Ведьме не удалось одолеть притяжение этой земли. Темными парусами со Средиземного моря шел вечер. Музей притягивал: он был сложен из стеклянных кубов магнитного жара, в которых ничком распласталось, многократ отраженное в зрачках посетителей, прелестное существо воздушных рытвин. Простота завоевывала сложность, как гребень волосы женщины.
Она едва дышала. Она была красива, но ее дело было плохо, как и любой восковой персоны. На щиколотке размеренно билась лазурная жилка. Жилку пробовали пальцем ? по очереди все, в смокингах и в свитерах, опускаясь на колени, корточки.
В саду, клубясь над головами мускусом, ныла густая музыка, извлекаемая из инструментов тремя, вознесенными на помосты, гигантами, о которых уместней промолчать. Парад музыкальных машин, управляемых культуристами, был под стать параду Сати на полотнах Руссо Таможенника. Старый Порт еще был относительно жив.
Я позволю себе упомянуть лишь велосипед без заднего колеса ? сладостная камедь Амати лилась из фанерных громкоговорителей. Голова Александра Скидана горела факелом Кассиской земли, его волосы звенели от морской соли. В 4:30 какого-то утра, стоя у окна номера в Астории он недоуменно воскликнет: "Бог мой, что же это!

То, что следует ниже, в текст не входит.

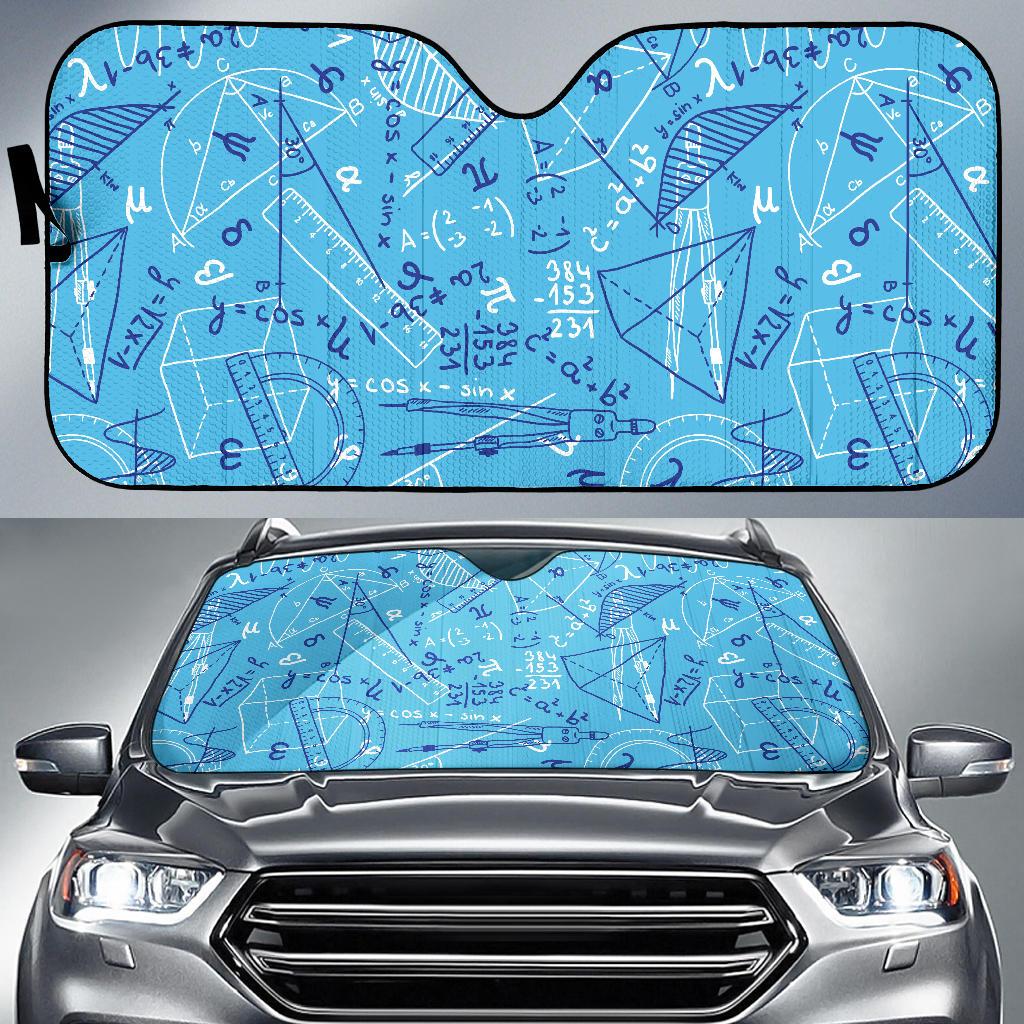 Math Pattern Print Design 02 Car Sun Shades-JORJUNE.COM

Всю ночь говорить о Бунине?!" Черный борец в полосатом трико, меланхолично вращавший жернов велосипедной гармонии, остановил движение ноги: звон волос Александра перерастал музыку и орлиный женский клекот. Мы слышали, однажды в садах Гесперид эта музыка приснилась Жану Клоду Ганье. Арифметикой сфер, колес и дельтовидных мышц управлял Дик Офринга. Они нашли кратчайший, "шелковый" путь следования музыки из телесного средоточия. Тело оказывалось технологией-луковицей, с которой пелена за пеленой сматывались законы чисел. Текст-тело-луковица-Барт. Мне кажется, что человек может написать в своей жизни столько же стихотворений, сколько позволит пространство его тела. Свет, соль, молчание и время ? лучшие мастера татуировок. Ночь ? колер, которому должно переливаться под кожей, опускаясь к атомам крови и хромосомам.

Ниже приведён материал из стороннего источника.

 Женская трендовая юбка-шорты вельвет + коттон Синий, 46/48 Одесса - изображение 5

Женщины побережья (еще несколько минут назад) лениво следили за нашим многослойным блужданием в толщах вод. Ольга Флоренская, прикрыв глаза рукой, спала на глубине 8 футов. Ацетиленовые актинии расчесывали ей ресницы. Вращая, течение тихо тащило меня к берегу, где среди гудящих, натянутых, как тетива, пиний и кувшинов скал в стакане стояло вино. Иных море одевало в многокрылую хвою и зеркальную чешую йода. Женщины не нуждались в одежде. Усилие не протянуть ладонь к их груди обретало определенную значимость. Сухость становилась поводырем речи в полдень. Шесть лет тому в Ленинграде Анри Делюи, выставя перед собой палец, говорил о ничтожестве сюрреализма. Я его понимал. Бессознательное ? есть только более или менее сложная сеть следов оставленных работой языка. Описание этих следов является репрезентацией того, что уже было представлено. Бессознательное реально в той же степени, что и реальность, которая ежемгновенно ткется волей, желанием, речью. Но имя речи ? Пенелопа. Поэзия обречена всегда начинать с начала. В этом заключена ее бесконечность желания. Даже сны языка ? поражение, залегающее в каждом импульсе его преодолеть. Шесть лет спустя я нашел фотографию Анри Делюи в книге о Балларе, в книге о их молодости и баснословных временах. В журнале Аксьон Поэтик, полученном сегодня, я нашел стихотворения Жан Жака Витона, Жульена Блэна.... Этой же весной в Нью Йорке Лин Хеджинян, не в силах сдержать счастливый смех, рассказывала о недавней своей поездке в Марсель. Эммануэль Понсар встречал ее в аэропорту. Последовало приглашение на апперетив, за ним еще одно.... В полдень последовало предложение повторить апперетив. Спустя час, сказала Лин, я услышала, как говорю о необходимости выпить еще один апперетив. Солнце шло долу. Нас становилось больше. Я не заметила, как началось чтение.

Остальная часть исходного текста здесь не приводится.